◆ Task instructions
Give back exactly the line containing "Affittacamere Residenza D'epoca Olimpia 4*" and all that follow it in the data below, with the pictures left out.
━━━━━━━━━━
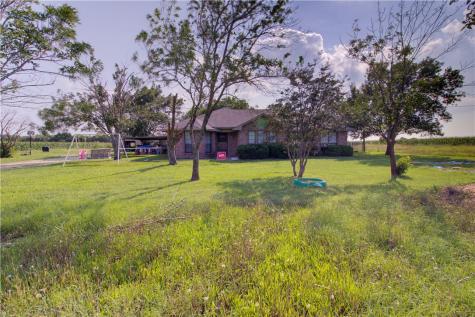 2865 Fm 339 Mount Calm TX 76673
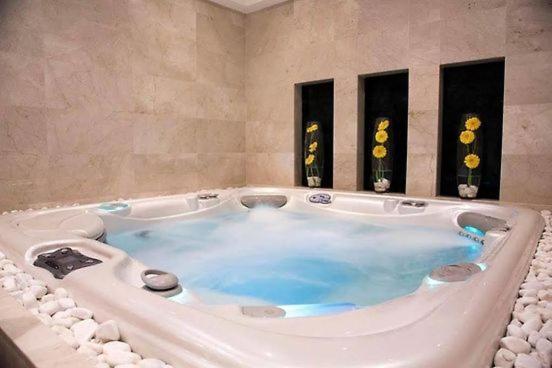 Karbala Rayhaan Hotel Екстериор снимка
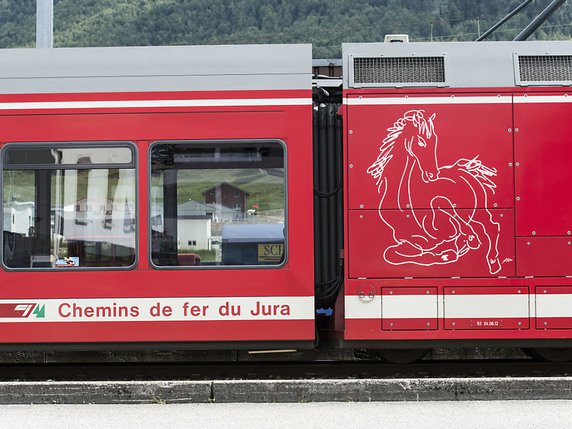 La voiture est entrée en collision avec un train des Chemins de fer du Jura près de Tavannes (archives). © KEYSTONE/CHRISTIAN BEUTLER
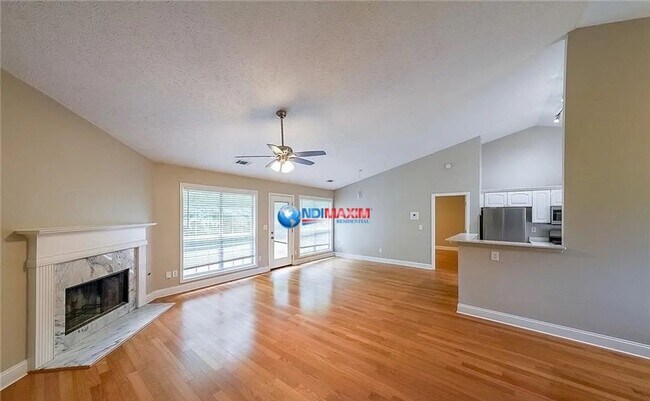 Foto del edificio - Nice ranch in the COLLINS HILL cluster in ...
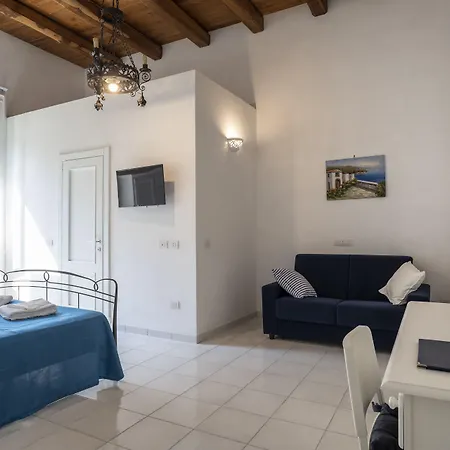 Affittacamere Residenza D'epoca Olimpia 4*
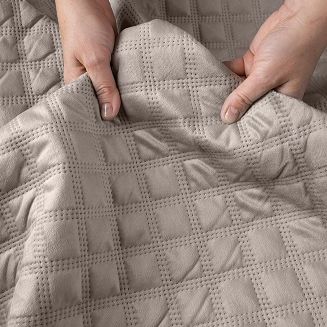 Narzuta dekoracyjna VELVI 170x210 pikowana w geometryczny wzór szarobeżowa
━━━━━━━━━━
◆ Solution to this task
 Affittacamere Residenza D'epoca Olimpia 4*
 Narzuta dekoracyjna VELVI 170x210 pikowana w geometryczny wzór szarobeżowa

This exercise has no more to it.